Law stepping in --> fails. Garrett was backing off when he swung the helmet, a fact you continue to straight up refuse to acknowledge in this discussion. Interesting to talk about "walking away" until closer examination demonstrates that the alleged "criminal" was doing precisely that, yet somehow still found himself in range of the person he supposedly "assaulted"...I wonder why that is?
Okay, let's rachet down and take a look at some realities.
Yes, there have been hockey players charged with and convicted of assault for whacking guys with their stick, so that could be considered as precedent.
No, the incidents in question are not really comparable to this because there was no fight in progress at the time. In both those incidents the target was pretty much skating along fat dumb and happy when they took an unexpected stick to the head. There was no "defending against a charging foe" element to those cases at all.
Much more importantly, those events took place in road games. The entire "this was beyond the game, outside any rules of the game, this was criminal" argument was made by local law enforcement and a local DA to local peeps who were if anything fans of the player who was attacked. There is no way that the DA and cops in Cleveland want anything to do with arguing such a case against Myles Garrett.

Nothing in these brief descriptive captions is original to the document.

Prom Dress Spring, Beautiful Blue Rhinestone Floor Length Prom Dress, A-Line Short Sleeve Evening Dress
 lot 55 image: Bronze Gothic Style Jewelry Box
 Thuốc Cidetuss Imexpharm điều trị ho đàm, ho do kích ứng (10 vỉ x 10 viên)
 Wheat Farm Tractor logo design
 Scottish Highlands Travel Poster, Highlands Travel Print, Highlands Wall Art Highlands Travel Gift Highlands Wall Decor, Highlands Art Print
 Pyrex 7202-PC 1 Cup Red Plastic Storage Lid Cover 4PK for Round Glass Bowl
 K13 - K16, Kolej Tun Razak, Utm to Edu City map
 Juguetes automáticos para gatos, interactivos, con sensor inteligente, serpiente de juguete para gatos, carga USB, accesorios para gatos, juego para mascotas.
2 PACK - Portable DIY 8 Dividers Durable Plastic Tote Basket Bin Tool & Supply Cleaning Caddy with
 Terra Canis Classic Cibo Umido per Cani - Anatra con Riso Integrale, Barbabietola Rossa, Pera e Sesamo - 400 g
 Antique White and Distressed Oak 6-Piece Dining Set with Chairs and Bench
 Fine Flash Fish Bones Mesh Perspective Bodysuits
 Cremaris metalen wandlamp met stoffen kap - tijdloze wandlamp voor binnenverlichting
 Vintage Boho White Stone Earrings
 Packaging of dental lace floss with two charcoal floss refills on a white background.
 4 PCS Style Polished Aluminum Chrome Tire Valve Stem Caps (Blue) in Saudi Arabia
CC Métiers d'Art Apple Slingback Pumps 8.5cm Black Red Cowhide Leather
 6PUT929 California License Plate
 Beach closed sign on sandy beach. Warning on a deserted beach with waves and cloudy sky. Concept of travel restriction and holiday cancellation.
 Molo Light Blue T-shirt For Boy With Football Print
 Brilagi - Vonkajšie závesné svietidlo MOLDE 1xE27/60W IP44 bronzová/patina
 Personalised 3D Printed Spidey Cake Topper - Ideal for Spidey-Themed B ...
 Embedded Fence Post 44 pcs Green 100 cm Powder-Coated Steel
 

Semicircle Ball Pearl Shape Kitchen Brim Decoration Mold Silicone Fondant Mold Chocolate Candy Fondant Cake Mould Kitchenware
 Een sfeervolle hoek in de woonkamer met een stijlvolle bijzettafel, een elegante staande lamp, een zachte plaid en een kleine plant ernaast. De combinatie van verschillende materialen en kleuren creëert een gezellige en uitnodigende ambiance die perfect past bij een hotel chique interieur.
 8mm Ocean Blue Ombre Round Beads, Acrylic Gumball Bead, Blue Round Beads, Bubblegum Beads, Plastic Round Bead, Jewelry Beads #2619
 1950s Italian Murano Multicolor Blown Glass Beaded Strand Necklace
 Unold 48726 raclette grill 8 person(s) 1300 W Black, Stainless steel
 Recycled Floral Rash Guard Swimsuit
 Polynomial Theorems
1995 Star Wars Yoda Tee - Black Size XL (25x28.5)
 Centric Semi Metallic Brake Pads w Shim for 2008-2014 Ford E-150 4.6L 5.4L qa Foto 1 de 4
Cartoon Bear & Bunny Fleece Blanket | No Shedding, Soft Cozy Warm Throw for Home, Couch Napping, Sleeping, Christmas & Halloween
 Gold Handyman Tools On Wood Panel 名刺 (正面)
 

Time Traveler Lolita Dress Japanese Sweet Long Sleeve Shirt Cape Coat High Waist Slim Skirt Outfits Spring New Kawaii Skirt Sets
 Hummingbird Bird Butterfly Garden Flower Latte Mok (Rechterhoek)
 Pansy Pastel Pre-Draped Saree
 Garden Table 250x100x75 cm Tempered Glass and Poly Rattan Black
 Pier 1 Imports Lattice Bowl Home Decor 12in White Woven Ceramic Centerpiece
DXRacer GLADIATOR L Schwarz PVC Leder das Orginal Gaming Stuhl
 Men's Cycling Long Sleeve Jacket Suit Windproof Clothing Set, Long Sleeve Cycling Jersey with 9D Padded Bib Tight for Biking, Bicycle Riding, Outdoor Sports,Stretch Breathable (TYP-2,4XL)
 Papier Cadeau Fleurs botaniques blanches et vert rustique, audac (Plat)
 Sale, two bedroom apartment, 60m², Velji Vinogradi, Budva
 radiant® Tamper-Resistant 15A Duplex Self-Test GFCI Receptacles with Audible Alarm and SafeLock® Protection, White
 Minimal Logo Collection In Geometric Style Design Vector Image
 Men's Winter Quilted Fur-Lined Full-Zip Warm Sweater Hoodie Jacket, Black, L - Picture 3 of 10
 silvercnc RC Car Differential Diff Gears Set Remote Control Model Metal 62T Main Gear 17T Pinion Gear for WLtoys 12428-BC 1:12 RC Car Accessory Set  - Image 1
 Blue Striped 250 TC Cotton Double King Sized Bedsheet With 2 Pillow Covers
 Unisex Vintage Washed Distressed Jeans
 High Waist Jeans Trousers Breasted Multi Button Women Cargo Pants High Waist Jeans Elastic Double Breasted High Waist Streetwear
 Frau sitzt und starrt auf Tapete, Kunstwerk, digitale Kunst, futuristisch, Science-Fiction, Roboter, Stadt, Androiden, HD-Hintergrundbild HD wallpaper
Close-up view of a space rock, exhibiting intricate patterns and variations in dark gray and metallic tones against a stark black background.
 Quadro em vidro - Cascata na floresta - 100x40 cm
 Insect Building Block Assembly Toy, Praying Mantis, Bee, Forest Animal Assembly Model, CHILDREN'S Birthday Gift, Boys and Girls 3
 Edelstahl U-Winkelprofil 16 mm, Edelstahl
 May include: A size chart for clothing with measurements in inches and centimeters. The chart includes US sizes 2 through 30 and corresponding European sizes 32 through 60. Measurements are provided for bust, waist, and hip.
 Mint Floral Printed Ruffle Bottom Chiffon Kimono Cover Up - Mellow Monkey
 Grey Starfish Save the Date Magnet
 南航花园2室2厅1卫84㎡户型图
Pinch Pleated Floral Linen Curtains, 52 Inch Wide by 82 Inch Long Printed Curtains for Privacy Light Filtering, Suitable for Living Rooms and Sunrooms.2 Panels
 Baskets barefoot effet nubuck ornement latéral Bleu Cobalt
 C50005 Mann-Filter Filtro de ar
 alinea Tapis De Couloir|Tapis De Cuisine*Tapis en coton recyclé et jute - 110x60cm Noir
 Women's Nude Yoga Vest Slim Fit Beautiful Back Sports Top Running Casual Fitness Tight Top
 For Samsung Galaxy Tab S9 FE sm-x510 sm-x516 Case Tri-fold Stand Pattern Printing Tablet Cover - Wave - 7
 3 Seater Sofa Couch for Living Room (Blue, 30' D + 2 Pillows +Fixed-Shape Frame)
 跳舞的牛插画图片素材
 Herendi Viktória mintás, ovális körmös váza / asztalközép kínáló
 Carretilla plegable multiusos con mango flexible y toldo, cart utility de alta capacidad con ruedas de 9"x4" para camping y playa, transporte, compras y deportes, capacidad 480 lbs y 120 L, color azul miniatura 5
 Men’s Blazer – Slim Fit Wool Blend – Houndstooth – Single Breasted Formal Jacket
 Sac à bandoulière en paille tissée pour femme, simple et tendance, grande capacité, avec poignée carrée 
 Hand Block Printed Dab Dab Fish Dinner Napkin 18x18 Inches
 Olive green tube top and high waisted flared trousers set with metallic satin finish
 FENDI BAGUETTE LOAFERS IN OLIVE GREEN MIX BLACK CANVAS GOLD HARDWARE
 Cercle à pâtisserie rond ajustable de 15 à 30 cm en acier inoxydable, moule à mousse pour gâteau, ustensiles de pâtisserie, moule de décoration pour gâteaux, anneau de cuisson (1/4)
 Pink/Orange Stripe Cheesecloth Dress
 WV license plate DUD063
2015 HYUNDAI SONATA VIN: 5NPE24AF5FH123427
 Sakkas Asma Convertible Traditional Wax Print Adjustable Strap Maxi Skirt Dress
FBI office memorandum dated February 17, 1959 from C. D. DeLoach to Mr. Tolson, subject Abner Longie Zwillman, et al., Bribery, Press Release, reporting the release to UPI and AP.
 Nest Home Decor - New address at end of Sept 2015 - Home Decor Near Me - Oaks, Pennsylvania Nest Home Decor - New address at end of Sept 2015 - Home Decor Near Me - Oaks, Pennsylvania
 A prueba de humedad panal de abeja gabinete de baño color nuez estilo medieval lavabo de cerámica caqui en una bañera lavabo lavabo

So here we are. Right, wrong, or indifferent, you try to crack a guy with a helmet you are gonna feel the wrath. Right, wrong, or indifferent you kick a guy in the head while he is on the ground you will feel the wrath. The usual NFL pushing match "fight" generally doesn't lead to suspensions, so nobody else is likely to feel much wrath.
See we have a fundamental disagreement that isn't really gonna be resolved here. To me (and based on what I've seen most other players, even Browns greats like Joe Thomas) he used his helmet to assault a guy but Tim is right that as a home game it'll never get filed as actual charges. Just another case of someone with privilege getting to walk away. You do seem awfully keep to defend a guy who even his teammates and organization are clearly distancing themselves from.